Ruang publik menurut Habermas merujuk pada arena sosial di mana individu-individu berkumpul untuk berbicara dan berdiskusi mengenai masalah-masalah publik atau politik. Ini bukan hanya tempat fisik, tetapi lebih sebagai suatu domain di mana warga dapat berpartisipasi dalam pertukaran ide dan pandangan tanpa intervensi yang menghambat. Habermas melihat ruang publik sebagai suatu bentuk forum yang mandiri dan terbebas dari pengaruh yang merendahkan atau mengintimidasi. Dalam "The Structural Transformation of the Public Sphere," Habermas menggambarkan perkembangan sejarah ruang publik di Eropa pada abad ke-18, khususnya di Inggris dan Perancis. Pada masa itu, ruang publik berkembang sebagai hasil dari munculnya kelas borjuis yang mengadakan pertemuan di kafe, rumah-rumah pribadi, dan klub-klub diskusi. Ruang publik ini menjadi tempat di mana orang-orang dari berbagai lapisan masyarakat dapat berbicara bebas mengenai isu-isu politik dan sosial. Namun, Habermas juga menyadari bahwa ruang publik dalam bentuknya yang ideal telah mengalami transformasi seiring waktu. Dia mengkritik komodifikasi dan birokratisasi ruang publik modern, di mana media massa dan struktur kekuasaan politik memainkan peran besar dalam membentuk opini publik. Habermas juga menyoroti bahaya terjadinya "kolonialisasi dunia kehidupan sehari-hari" oleh kekuatan ekonomi dan politik, yang dapat merusak integritas ruang publik.

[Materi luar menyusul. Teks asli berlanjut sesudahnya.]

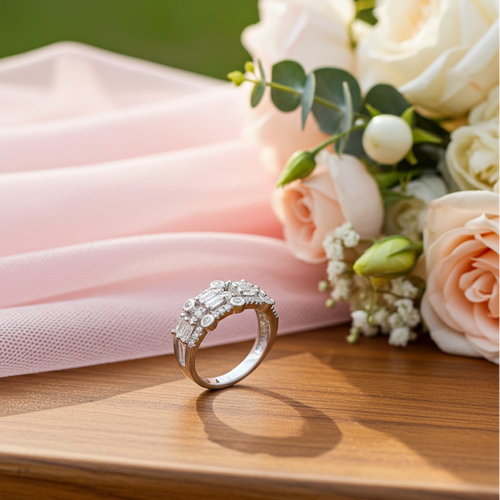 Silver ring with diamonds on a wooden surface with pink fabric and flowers in the background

Dalam pemikiran Habermas, ruang publik yang sehat dan fungsional adalah prasyarat untuk demokrasi yang efektif. Partisipasi warga dalam pembentukan opini dan pengambilan keputusan adalah esensial bagi kesehatan demokrasi. Meskipun ruang publik yang ideal mungkin sulit dicapai dalam masyarakat modern yang kompleks, konsep ini tetap memberikan kerangka kerja penting untuk memahami peran kritis yang dimainkan oleh partisipasi publik dan dialog terbuka dalam masyarakat demokratis.

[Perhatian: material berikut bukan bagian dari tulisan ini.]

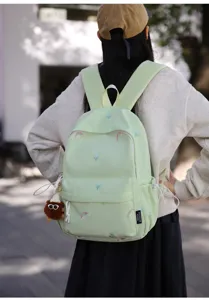Cute Japanese embroidered backpack for girls, light green school bag with tulip and rainbow motifs.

Habermas berpendapat bahwa media harus menjadi sarana di mana warga dapat berdiskusi secara bebas dan rasional untuk mencapai konsensus. Agenda setting yang terlalu terkonsentrasi dapat menghalangi proses ini, mengarah pada penurunan kualitas ruang publik. Ketergantungan media pada kepentingan politik atau ekonomi tertentu juga dapat merusak prinsip komunikasi yang bebas dan adil yang diinginkan oleh Habermas. Media yang cenderung fokus pada isu-isu tertentu dapat membatasi keragaman pandangan dalam ruang publik, mempengaruhi proses deliberatif. Hal ini dapat mengarah pada homogenisasi opini dan menurunkan kualitas demokrasi, sebagaimana yang ditekankan oleh Habermas. Kritik ini mencerminkan ketidakseimbangan antara idealitas ruang publik dan realitas praktik media selama periode pemilu. Seperti yang diketahui bahwa kebanyakan media dikendalikan penuh oleh pemerintah, ini menjadikan media akan sangat mudah di "setting" oleh mereka yang memiliki kuasa, dan memilih isu yang ingin di tonjolkan, baik itu untuk mejaga nama baik, atau untuk menjatuhkan sang lawan.

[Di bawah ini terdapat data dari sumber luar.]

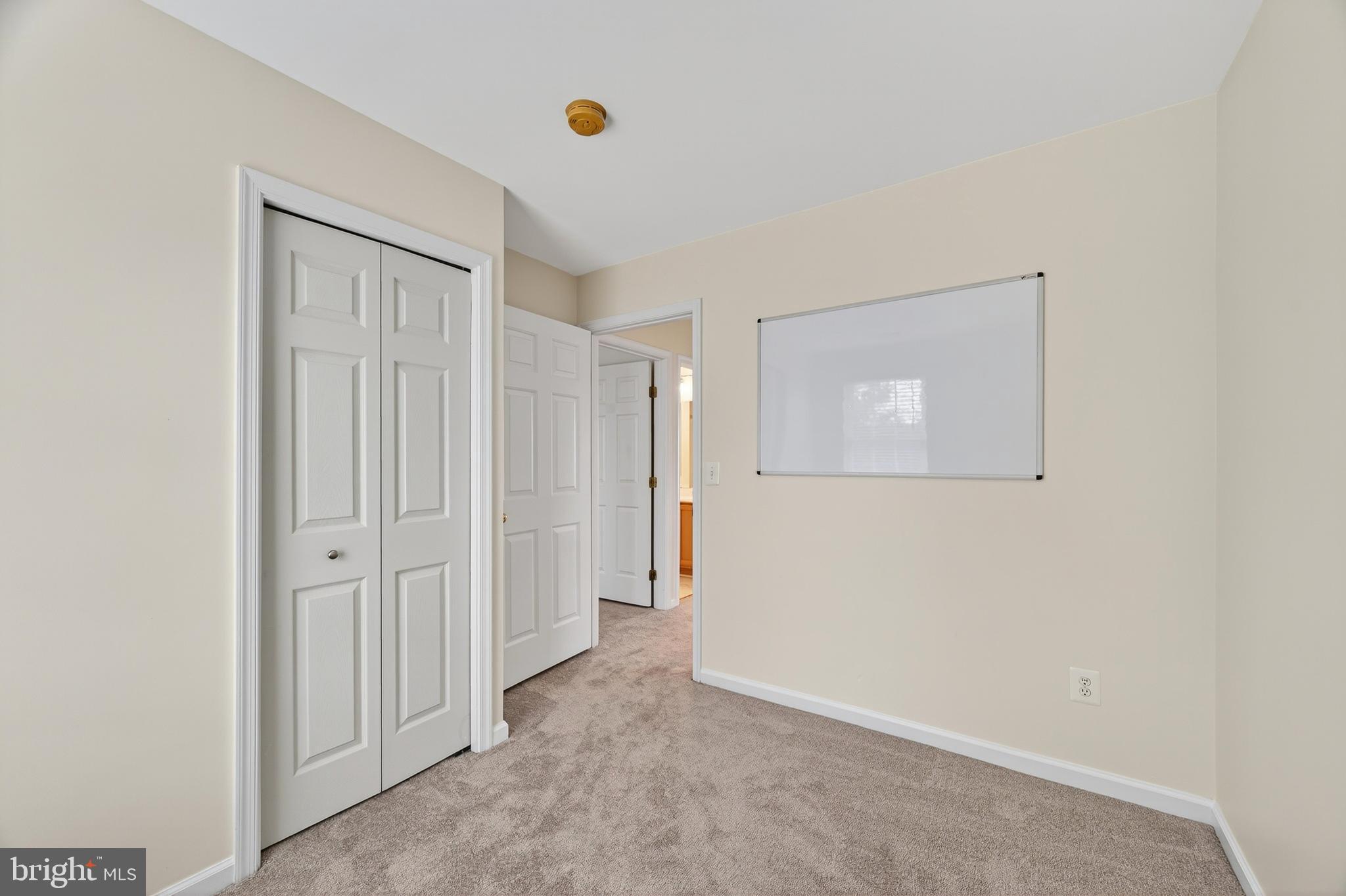 1337 Steed Street Ranson, WV 25438 - Photo 29 of 42 an empty room with a door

Ketika media mengatur agenda dengan cara yang tidak seimbang atau mengutamakan isu-isu tertentu, hal tersebut dapat merugikan proses demokratisasi. Misalnya, fokus yang terlalu besar pada isu-isu kontroversial atau personalitas politik dapat mengaburkan substansi perdebatan politik yang seharusnya didasarkan pada ide dan program. Penting untuk memastikan bahwa media tidak hanya memprioritaskan isu-isu yang kontroversial atau sensasional, tetapi juga memberikan perhatian yang memadai pada isu-isu kebijakan substantif. Seiring dengan itu, masyarakat perlu mengembangkan kemampuan kritis untuk menyaring informasi, memahami agenda setting media, dan berpartisipasi aktif dalam ruang publik.

Dalam kerangka pemikiran Habermas, idealnya ruang publik harus menjadi tempat di mana berbagai suara didengar dan diberi ruang yang setara. Oleh karena itu, praktik agenda setting media yang sehat dan seimbang akan mendukung terbentuknya opini publik yang informasional dan demokratis dalam menghadapi proses pemilu. Masyarakat luas juga dituntut untuk mampu memahami dan membatasi diri dari banyaknya isu isu yang diberitakan di media.